_Task goal_. Copy nothing past the line containing "2015 BMW 7-Series 750lxi photo". Transcribe every line of the listing below up to and including it, from the first, except pictures.

_Source material_.
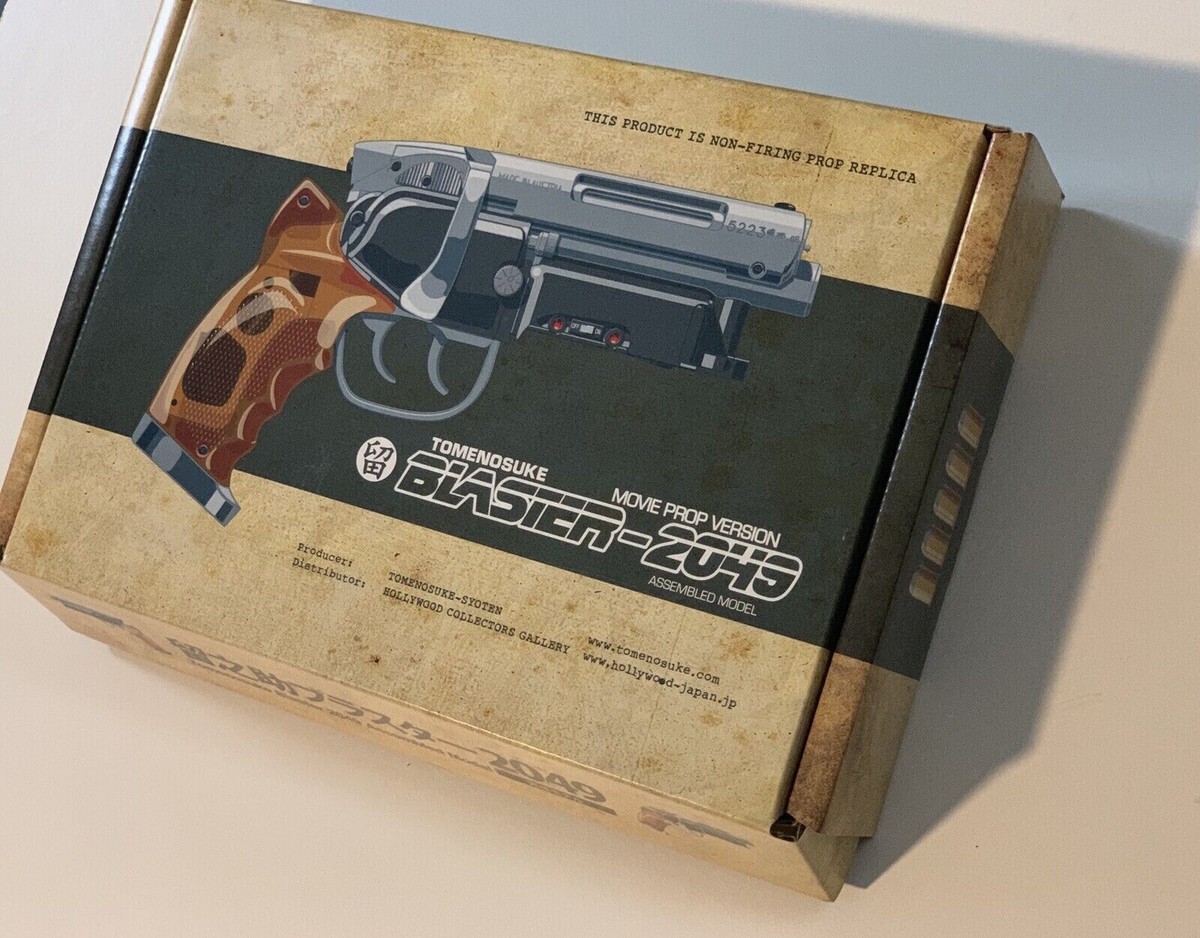 RARE BLADE RUNNER Tomenosuke 2049 Blaster Deckard NEW - Less Than
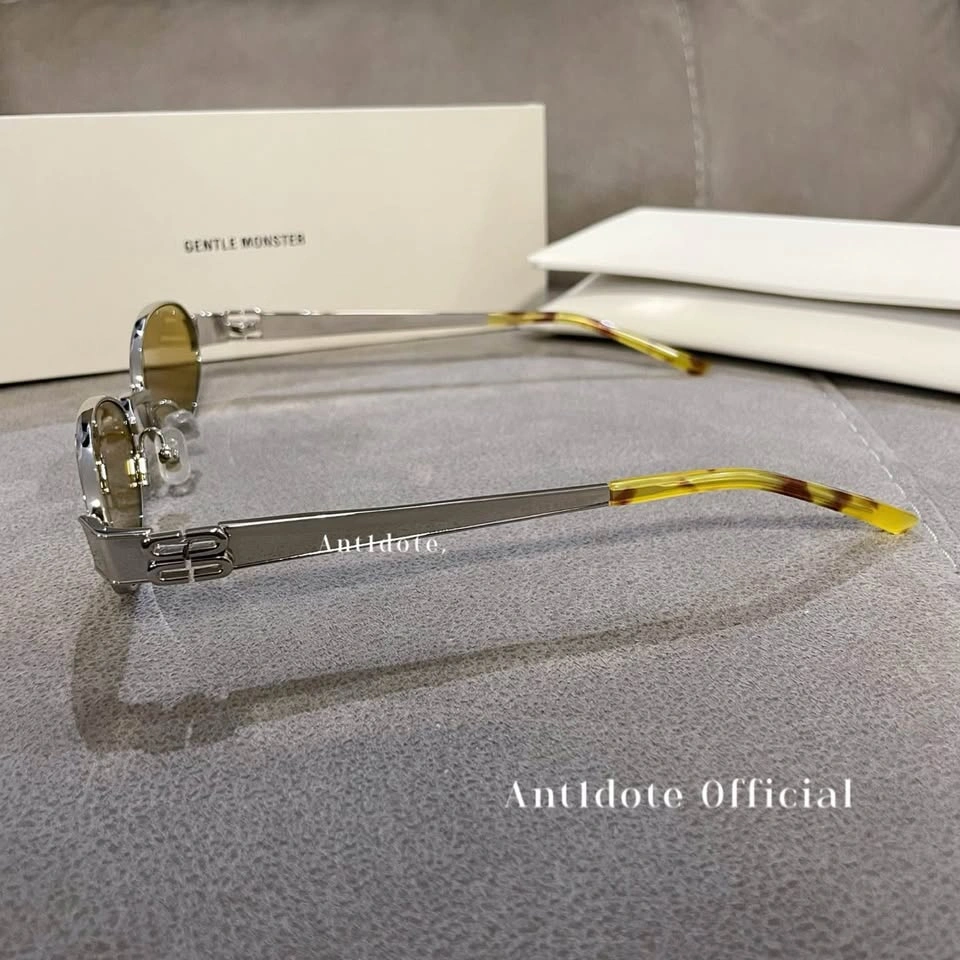 Gentle Monster Sunglasses - photo 2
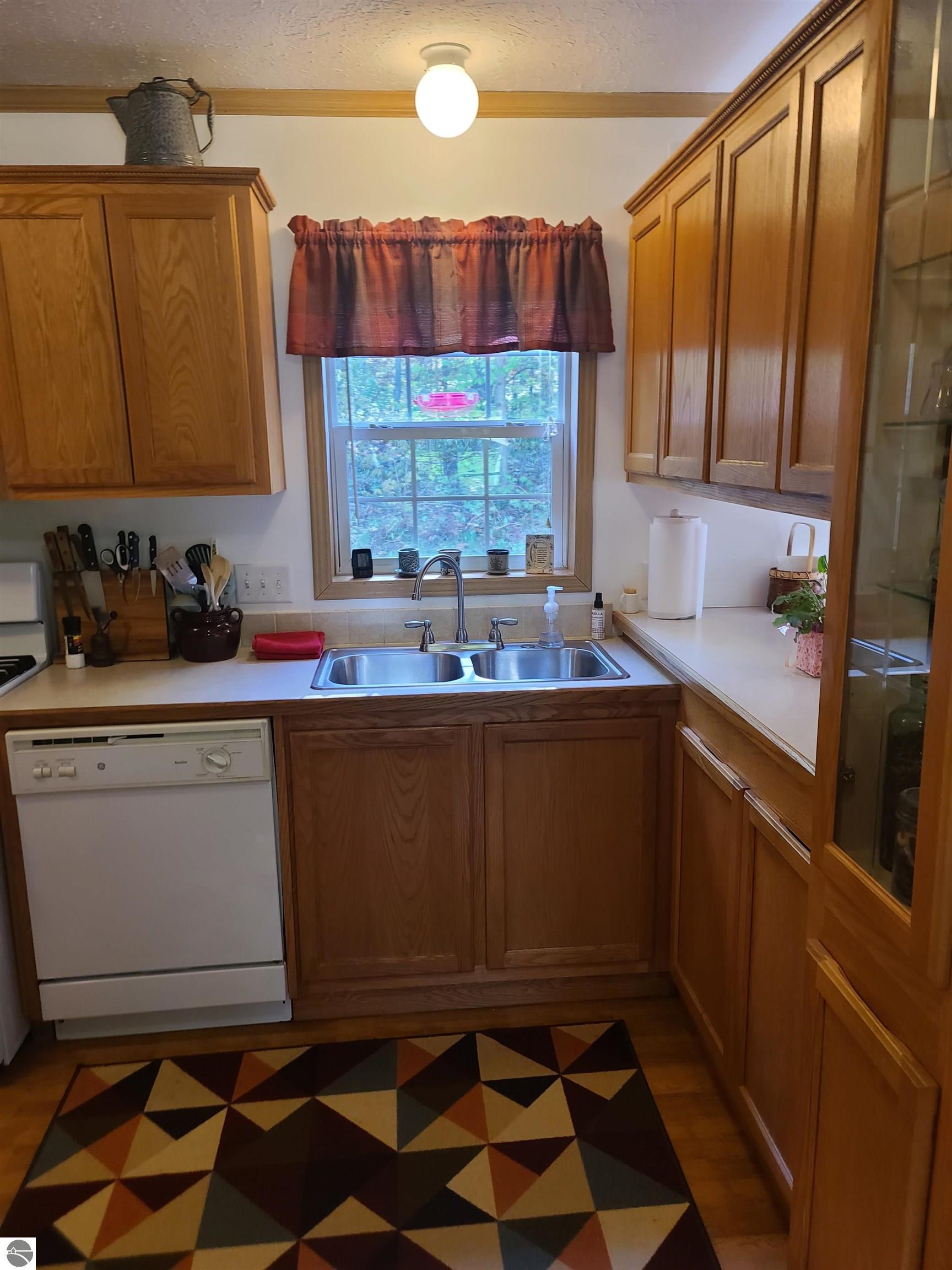 4157 N Sharon Road, SE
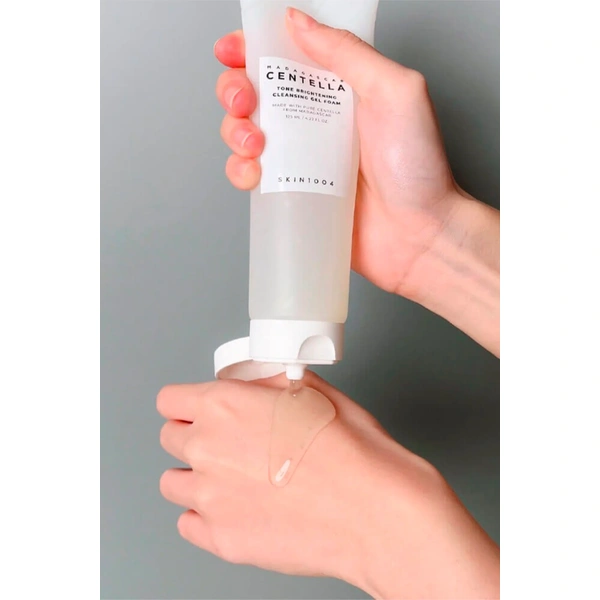 Пінка для вмивання з центеллою азіатською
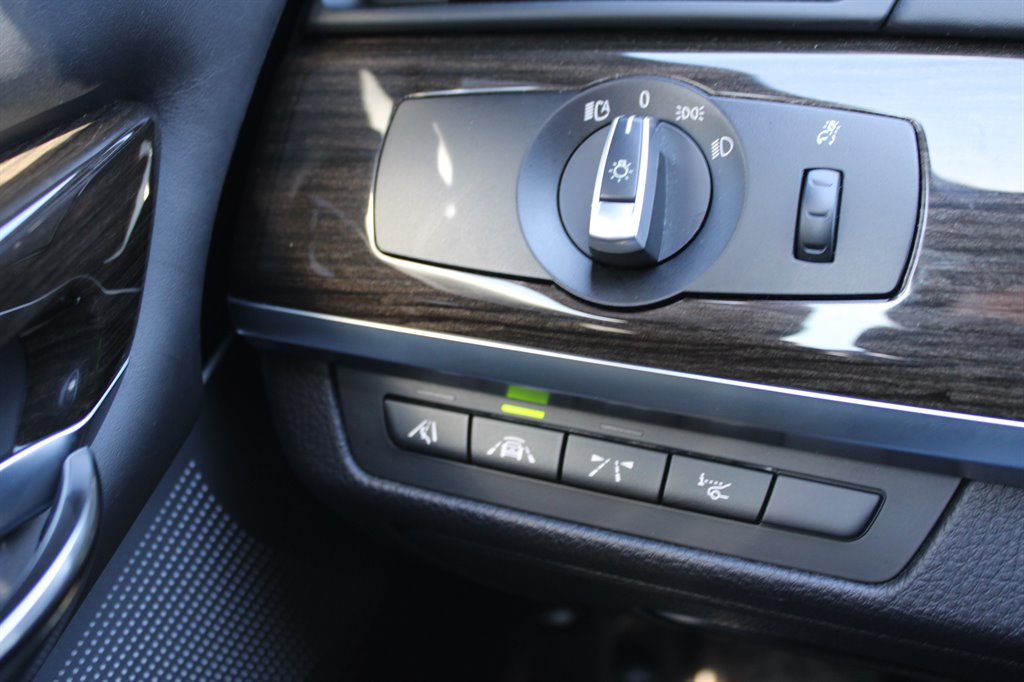 2015 BMW 7-Series 750lxi photo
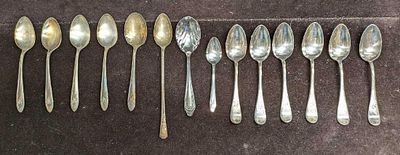 14 Vintage Rockford Oneida Oneida Community Spoons. This lot includes: 
(4) Oneida Community 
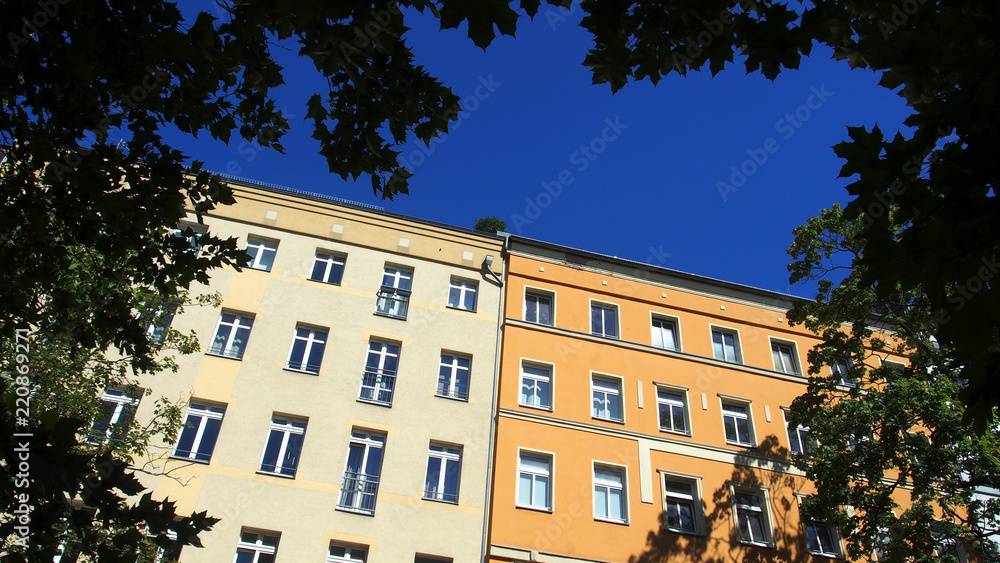 Fototapeta premium Zielony Berlin: stare fasady budynków w Mitte, drzewa uliczne
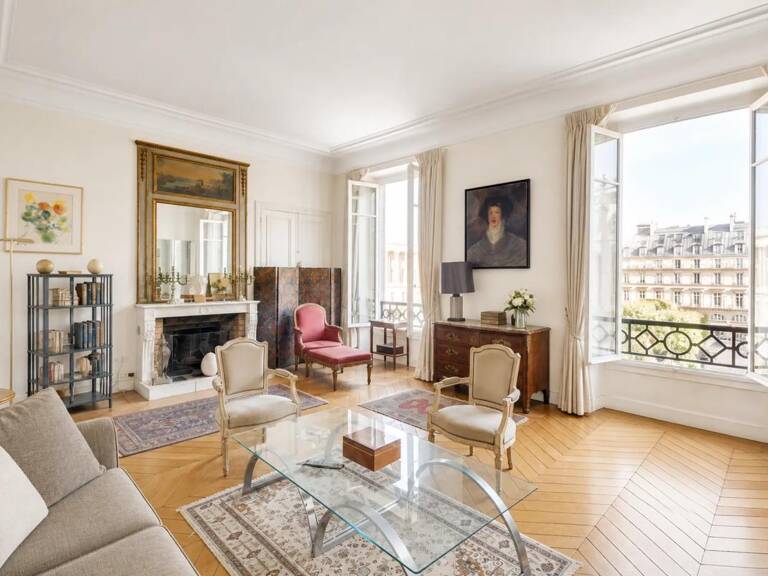 Appartement de 5 pièces de 119 m² situé à Paris — photo 1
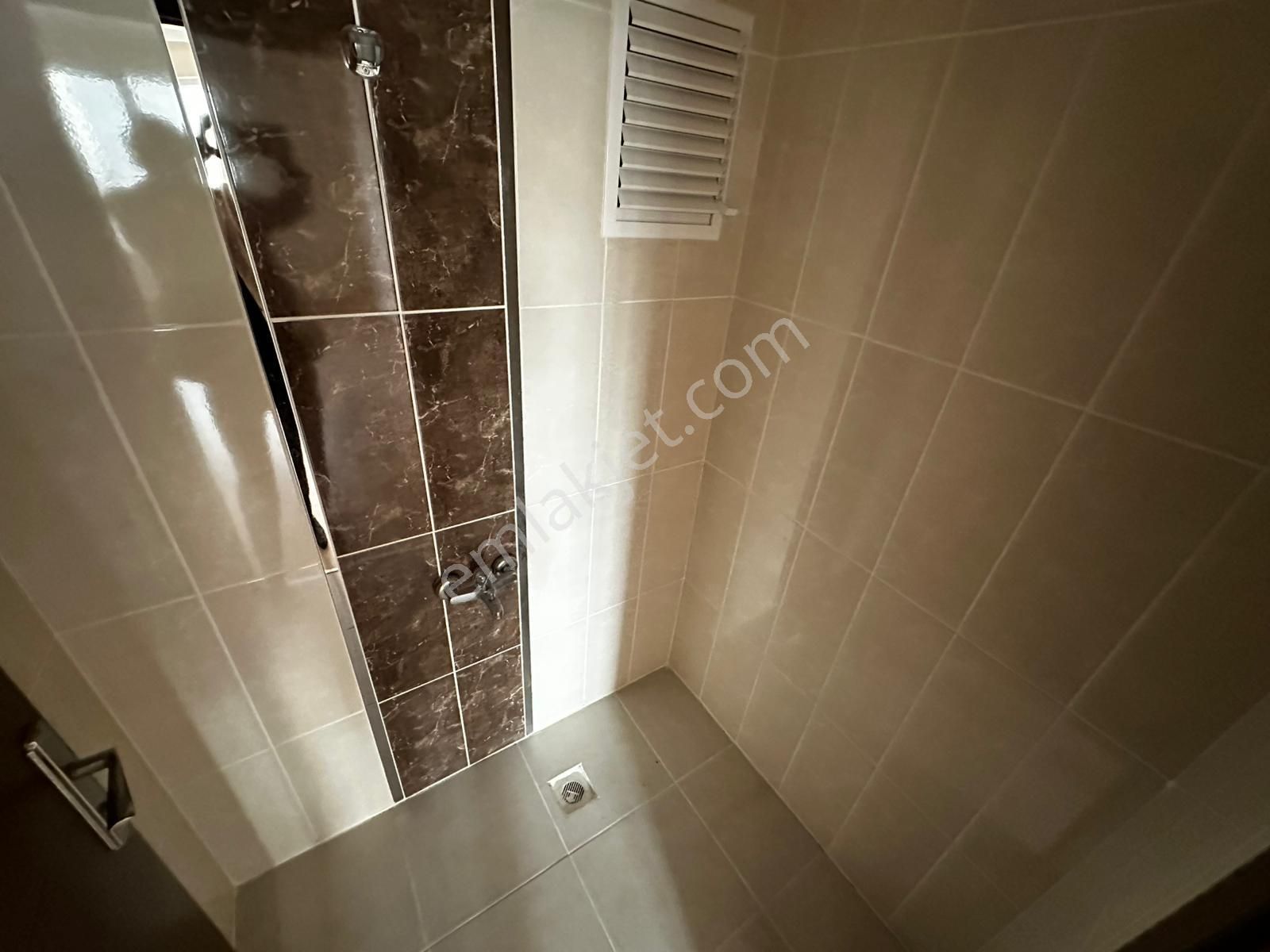 Esertepe'de Cadde Yakını Ara Katta Asansörlü Ebeveyn Banyolu 4+1 Fırsat Daire - Görsel 5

_Output for this task_.
 RARE BLADE RUNNER Tomenosuke 2049 Blaster Deckard NEW - Less Than
 Gentle Monster Sunglasses - photo 2
 4157 N Sharon Road, SE
 Пінка для вмивання з центеллою азіатською
 2015 BMW 7-Series 750lxi photo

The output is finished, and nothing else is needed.